_What you will do_
Output only the lines from the start of the entries through the line holding "Riverbed avec des". Each line must match the original exactly.

Scraped caption text data:
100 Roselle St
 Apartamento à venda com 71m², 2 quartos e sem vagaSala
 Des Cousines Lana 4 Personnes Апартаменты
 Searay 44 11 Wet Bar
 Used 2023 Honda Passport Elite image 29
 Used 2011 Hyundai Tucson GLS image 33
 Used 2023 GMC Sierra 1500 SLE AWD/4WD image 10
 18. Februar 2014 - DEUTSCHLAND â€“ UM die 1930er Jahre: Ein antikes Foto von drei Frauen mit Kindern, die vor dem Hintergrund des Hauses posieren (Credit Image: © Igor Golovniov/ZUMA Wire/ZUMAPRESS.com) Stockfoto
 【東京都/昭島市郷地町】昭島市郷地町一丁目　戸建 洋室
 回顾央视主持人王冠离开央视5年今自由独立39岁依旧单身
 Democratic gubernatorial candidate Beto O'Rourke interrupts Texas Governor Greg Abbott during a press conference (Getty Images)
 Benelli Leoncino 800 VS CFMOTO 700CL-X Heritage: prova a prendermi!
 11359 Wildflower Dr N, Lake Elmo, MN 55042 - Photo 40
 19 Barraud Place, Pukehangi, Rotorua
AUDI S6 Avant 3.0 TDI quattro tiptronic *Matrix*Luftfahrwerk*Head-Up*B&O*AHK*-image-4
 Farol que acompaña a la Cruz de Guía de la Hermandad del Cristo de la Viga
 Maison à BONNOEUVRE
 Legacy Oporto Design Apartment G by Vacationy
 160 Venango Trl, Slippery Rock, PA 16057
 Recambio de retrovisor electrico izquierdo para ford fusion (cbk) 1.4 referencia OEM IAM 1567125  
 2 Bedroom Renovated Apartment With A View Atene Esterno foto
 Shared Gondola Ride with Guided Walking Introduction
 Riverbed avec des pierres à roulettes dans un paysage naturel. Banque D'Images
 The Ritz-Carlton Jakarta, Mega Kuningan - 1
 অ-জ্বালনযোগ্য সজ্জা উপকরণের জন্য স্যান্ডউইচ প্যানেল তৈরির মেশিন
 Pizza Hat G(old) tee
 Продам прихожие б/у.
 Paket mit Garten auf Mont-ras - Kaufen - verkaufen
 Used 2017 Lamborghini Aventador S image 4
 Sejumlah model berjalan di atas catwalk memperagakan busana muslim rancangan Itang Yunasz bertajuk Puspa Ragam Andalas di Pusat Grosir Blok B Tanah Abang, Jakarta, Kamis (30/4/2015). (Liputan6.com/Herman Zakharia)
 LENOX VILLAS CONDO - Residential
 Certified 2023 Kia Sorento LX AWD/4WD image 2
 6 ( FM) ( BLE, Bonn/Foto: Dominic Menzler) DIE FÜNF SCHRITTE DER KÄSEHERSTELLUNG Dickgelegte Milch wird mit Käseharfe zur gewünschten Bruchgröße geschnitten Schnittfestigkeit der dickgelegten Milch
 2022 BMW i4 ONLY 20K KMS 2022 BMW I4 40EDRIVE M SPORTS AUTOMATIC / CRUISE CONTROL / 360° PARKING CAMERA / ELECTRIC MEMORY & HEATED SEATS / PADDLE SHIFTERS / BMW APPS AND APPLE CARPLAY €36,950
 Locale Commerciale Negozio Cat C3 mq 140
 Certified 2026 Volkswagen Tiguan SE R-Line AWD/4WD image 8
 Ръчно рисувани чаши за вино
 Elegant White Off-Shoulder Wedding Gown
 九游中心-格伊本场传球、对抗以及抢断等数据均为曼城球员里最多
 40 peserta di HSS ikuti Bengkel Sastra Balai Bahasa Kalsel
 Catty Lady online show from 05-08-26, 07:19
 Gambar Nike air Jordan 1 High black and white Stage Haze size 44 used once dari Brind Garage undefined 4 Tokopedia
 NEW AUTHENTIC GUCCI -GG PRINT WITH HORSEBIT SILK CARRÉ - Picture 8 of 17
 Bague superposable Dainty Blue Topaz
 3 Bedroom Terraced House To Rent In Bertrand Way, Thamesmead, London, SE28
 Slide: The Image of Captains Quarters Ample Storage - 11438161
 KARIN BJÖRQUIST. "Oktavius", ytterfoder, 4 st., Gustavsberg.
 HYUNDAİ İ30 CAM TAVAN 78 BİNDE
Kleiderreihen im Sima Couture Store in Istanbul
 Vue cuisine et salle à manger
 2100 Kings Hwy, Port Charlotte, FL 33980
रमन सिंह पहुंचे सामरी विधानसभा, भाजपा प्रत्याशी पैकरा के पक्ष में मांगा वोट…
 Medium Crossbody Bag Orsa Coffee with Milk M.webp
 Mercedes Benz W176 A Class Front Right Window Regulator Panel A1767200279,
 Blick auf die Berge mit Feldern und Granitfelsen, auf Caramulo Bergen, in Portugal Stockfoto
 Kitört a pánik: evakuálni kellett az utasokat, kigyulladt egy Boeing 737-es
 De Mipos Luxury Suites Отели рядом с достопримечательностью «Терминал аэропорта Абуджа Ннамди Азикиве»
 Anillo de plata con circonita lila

_Answer_
100 Roselle St
 Apartamento à venda com 71m², 2 quartos e sem vagaSala
 Des Cousines Lana 4 Personnes Апартаменты
 Searay 44 11 Wet Bar
 Used 2023 Honda Passport Elite image 29
 Used 2011 Hyundai Tucson GLS image 33
 Used 2023 GMC Sierra 1500 SLE AWD/4WD image 10
 18. Februar 2014 - DEUTSCHLAND â€“ UM die 1930er Jahre: Ein antikes Foto von drei Frauen mit Kindern, die vor dem Hintergrund des Hauses posieren (Credit Image: © Igor Golovniov/ZUMA Wire/ZUMAPRESS.com) Stockfoto
 【東京都/昭島市郷地町】昭島市郷地町一丁目　戸建 洋室
 回顾央视主持人王冠离开央视5年今自由独立39岁依旧单身
 Democratic gubernatorial candidate Beto O'Rourke interrupts Texas Governor Greg Abbott during a press conference (Getty Images)
 Benelli Leoncino 800 VS CFMOTO 700CL-X Heritage: prova a prendermi!
 11359 Wildflower Dr N, Lake Elmo, MN 55042 - Photo 40
 19 Barraud Place, Pukehangi, Rotorua
AUDI S6 Avant 3.0 TDI quattro tiptronic *Matrix*Luftfahrwerk*Head-Up*B&O*AHK*-image-4
 Farol que acompaña a la Cruz de Guía de la Hermandad del Cristo de la Viga
 Maison à BONNOEUVRE
 Legacy Oporto Design Apartment G by Vacationy
 160 Venango Trl, Slippery Rock, PA 16057
 Recambio de retrovisor electrico izquierdo para ford fusion (cbk) 1.4 referencia OEM IAM 1567125  
 2 Bedroom Renovated Apartment With A View Atene Esterno foto
 Shared Gondola Ride with Guided Walking Introduction
 Riverbed avec des pierres à roulettes dans un paysage naturel. Banque D'Images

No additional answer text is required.